Chen et al. [1] succeeded in improving the SAVE score in patients who received extracorporeal membrane oxygenation (ECMO) for cardiogenic shock (CS) by simple addition of blood lactate. Accordingly, many other scores have been determined for outcome prediction for patients already receiving ECMO for CS; some reported by the authors and others being published afterward [2]. Enthusiasm in these scores is understandable but will not select adequate candidates for ECMO in the overall CS population.

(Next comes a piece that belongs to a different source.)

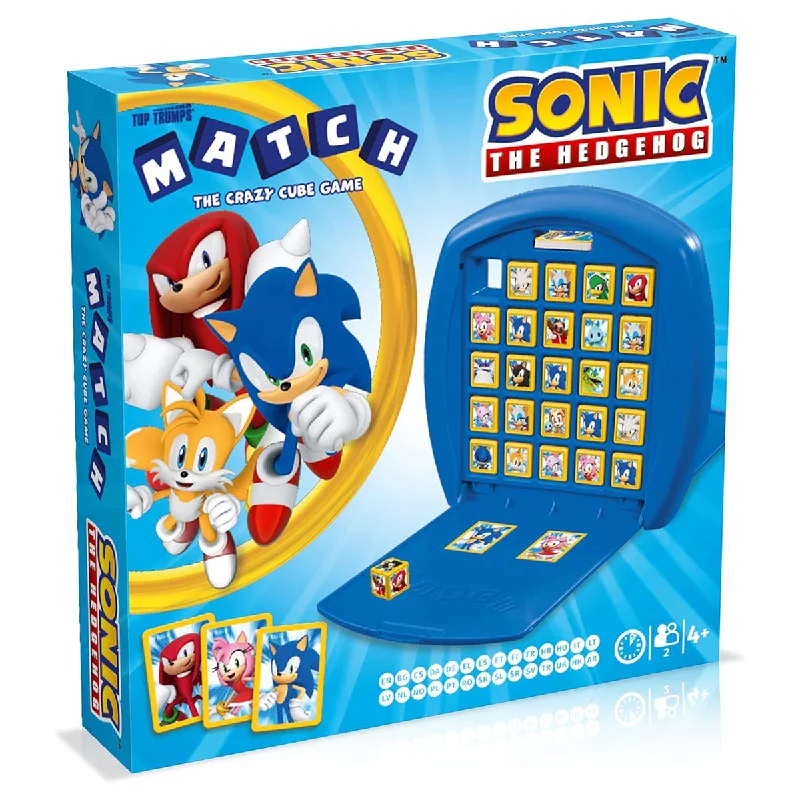 Challenging puzzles Sonic the Hedgehog Top Trumps Match Game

Chen et al. stated: “To avoid unnecessary use of ECMO, which might unnecessarily consume resources and expose patients to possible ECMO complications, thorough consideration must be used to identify the appropriate candidates for ECMO support” [1]. I strongly support and would like to emphasize their statement.

We designed a score based on cardiac power index (CPI, W/m2) and catecholamine level to predict death or use of ECMO in CS: this is the Catecholamine Refractoriness and Assistance guide based on cardiogenic Shock Hemodynamics (CRASH) score:

CRASH score = CPI/√[1 + Inotropic score (μg/kg/min) = dobutamine, dopamine + 100 × (noradrenaline + adrenaline) + 15 × (IPDE-3) + 10 for levosimendan

The CRASH score has a sensitivity of 68% and a specificity of 92% for death/ECMO. The area under the receiver operating characteristics curve was 0.851 with an overall accuracy of 0.833 with a 0.0375 threshold [3].

Our CRASH score is, in essence, a score of cardiac reserve that should have a role in defining refractory shock and in guiding mechanical circulatory support, provided hypoxia occurs. The addition of other elements, such as clinical (mottling, cyanosis, capillary refill time, rhythm, neurologic, respiratory, and hemodynamic variables and their kinetics) and biological (oxygen venous saturation, lactates, bicarbonates, platelets, prothrombin time, creatinine, interleukin-6, angiopoietins) data, and especially the etiology and etiological treatment of CS, may play a role in the prognostic assessment of patients. The ability of our CRASH score to quantify the severity of CS needs to be evaluated in large cohorts. Then, one could imagine a study evaluating the implementation of mechanical circulatory support (ECMO, Impella, or Tandemheart) according to two thresholds (a liberal threshold of 0.0375 or a restrictive threshold of 0.0300), or versus no assistance.